INPUT FOR THIS TASK —
*****
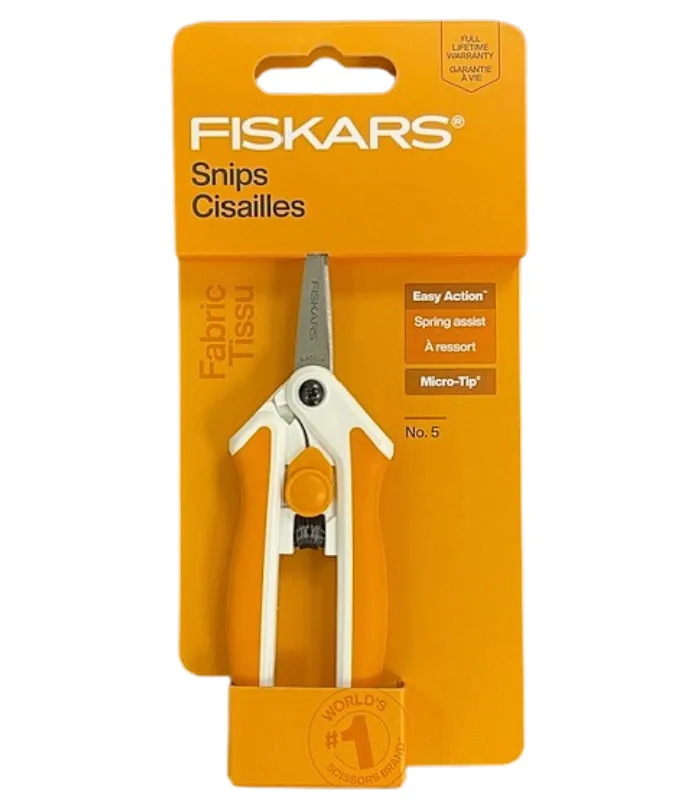 Fiskars 5" RazorEdge Micro-Tip Easy Action Squeeze Shears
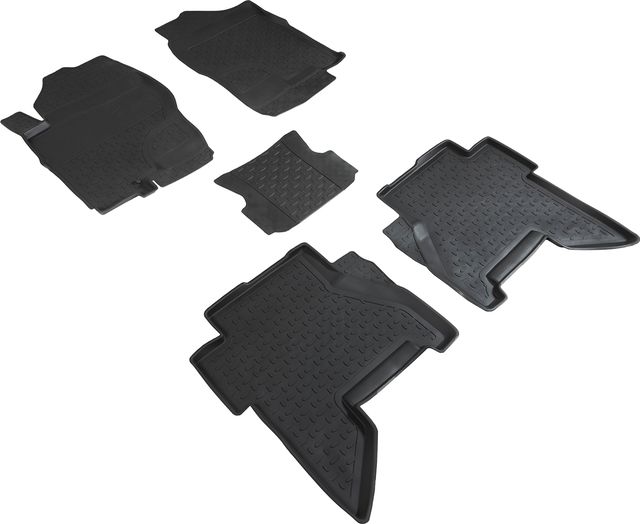 Коврики резиновые Seintex с высоким бортиком для салона Nissan Pathfinder R51 2004-2014. Артикул 88381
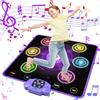 GuKKK Bambini Tappetino da Ballo con 6 LED, GuKKK Tappeto da Ballo con Bluetooth per 3 4 5 6 7 8 9 10+ Anni,Tappetino da Ballo Elettronico,Giocattolo Tappeto Musicale da Ballo,Regali di Natale di Compleanno
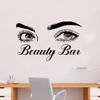 Beauty Bar Wall Decal Home Decor Art Sticker Vinyl Bedroom Boys Girls Teen Kids Quote Makeup Lashes Brows Beauty Brushes Lipstick Mascara Eyeshadow Business Logo Studio view 1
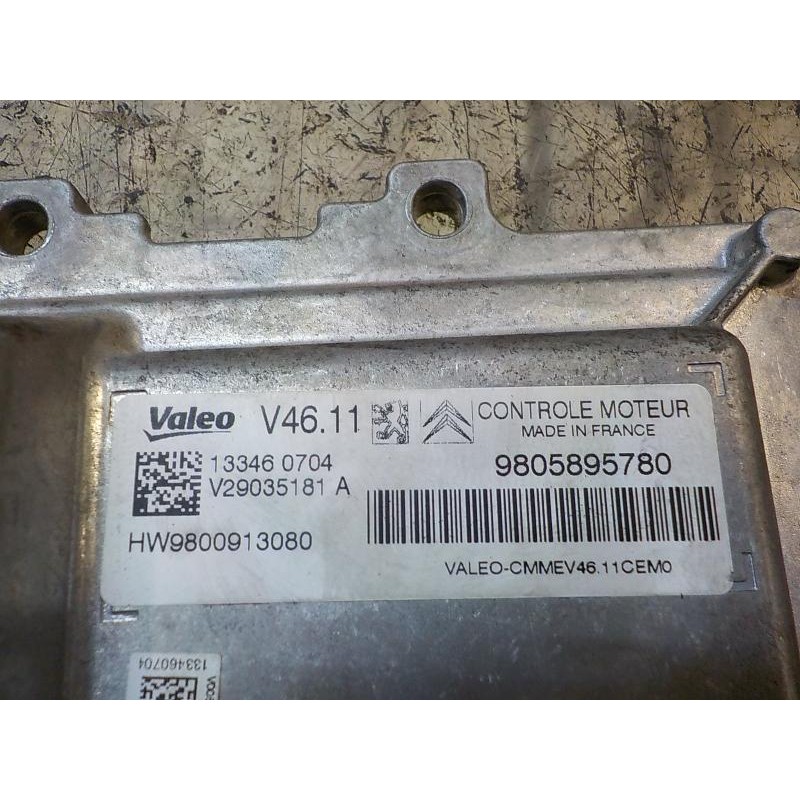 Recambio de centralita motor uce para citroën ds3 1.2 12v vti referencia OEM IAM 1608817680 9805895780 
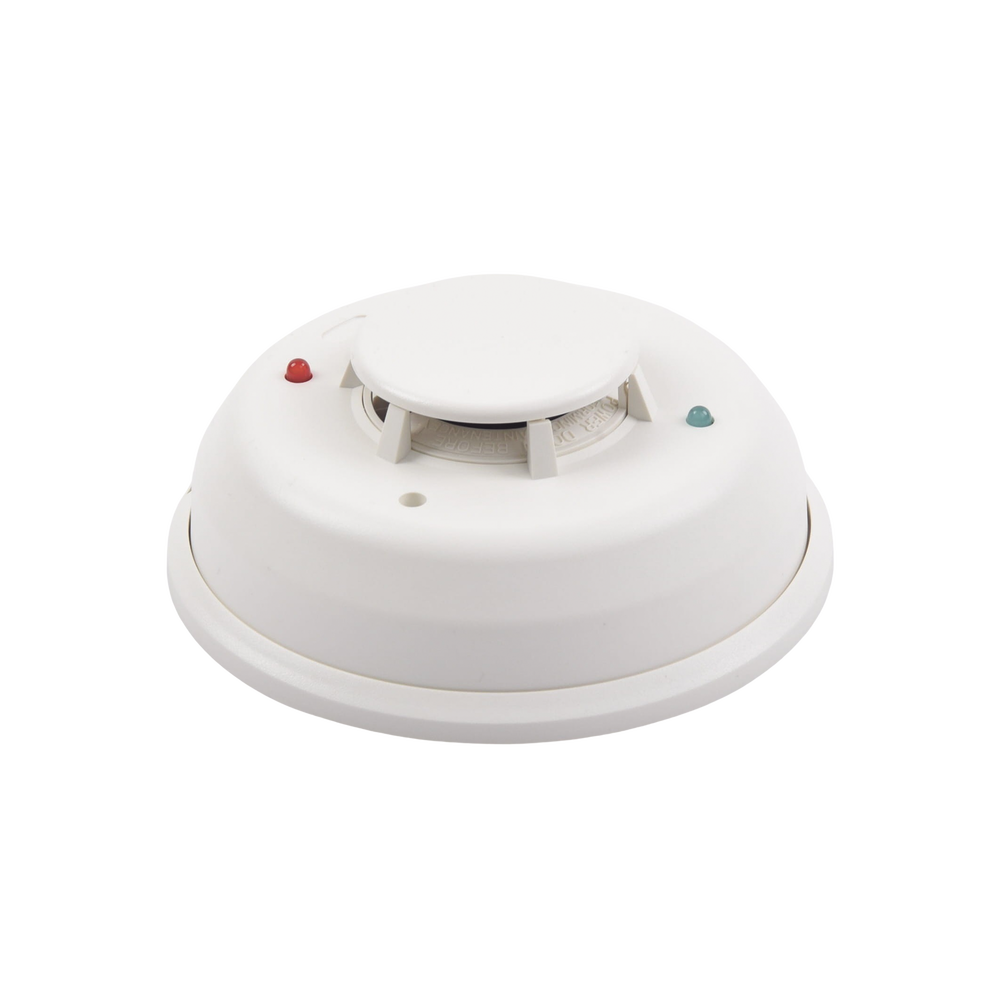 4-Wire Photoelectric Smoke Detector with Relay and Temperature Sensor, i3 Series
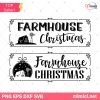 Farmhouse Christmas Svg, Nativity Scene SVG, Nativity Scene Sign SVG
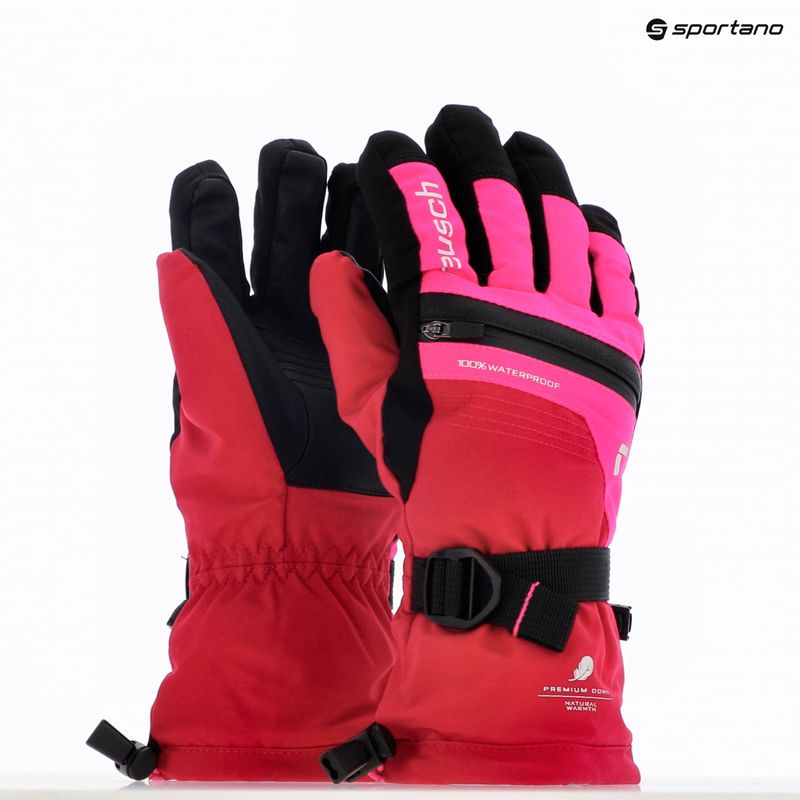 Detské lyžiarske rukavice Reusch Lando R-TEX XT cerise/pink glo 8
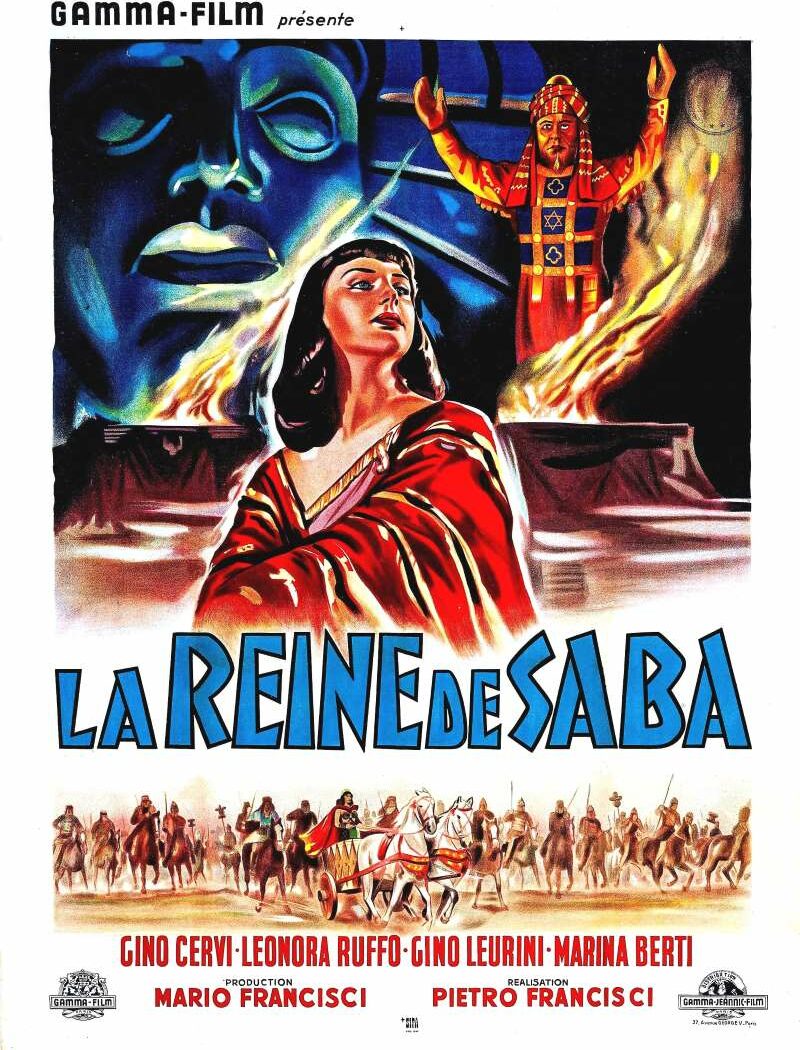 La reine de Saba, l'affiche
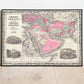 1862 Middle East Vintage Map Poster Print - MAIA HOMES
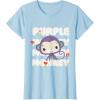 Fisher-Price Purple Monkey T-Shirt(Baby Blue)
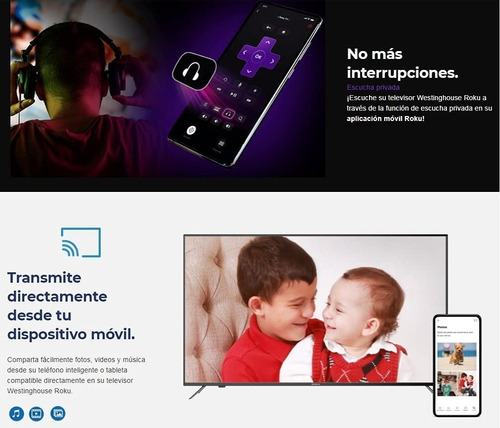Imagen 7 de 9 de Pantalla Westinghouse Wr42fx2002 42 Pulgadas Hd Smart Tv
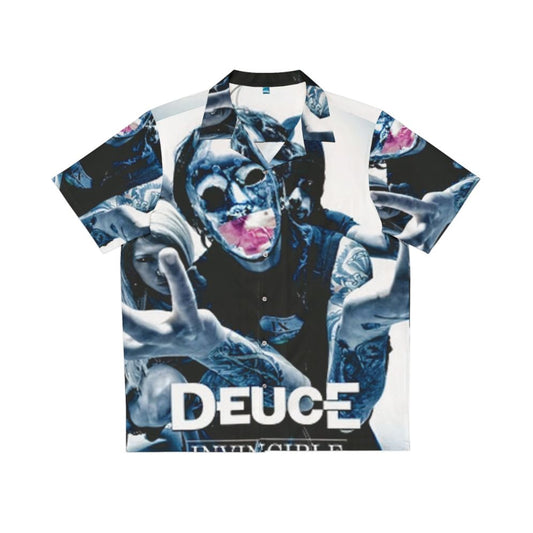 Deuce Hawaiian Shirt with Tropical Floral Pattern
*****
REQUIRED ACTION —
For this answer, return word for word the lines from the first line of the records through the line containing "GuKKK Bambini Tappetino". Omit the pictures.

RESPONSE AREA —
 Fiskars 5" RazorEdge Micro-Tip Easy Action Squeeze Shears
 Коврики резиновые Seintex с высоким бортиком для салона Nissan Pathfinder R51 2004-2014. Артикул 88381
 GuKKK Bambini Tappetino da Ballo con 6 LED, GuKKK Tappeto da Ballo con Bluetooth per 3 4 5 6 7 8 9 10+ Anni,Tappetino da Ballo Elettronico,Giocattolo Tappeto Musicale da Ballo,Regali di Natale di Compleanno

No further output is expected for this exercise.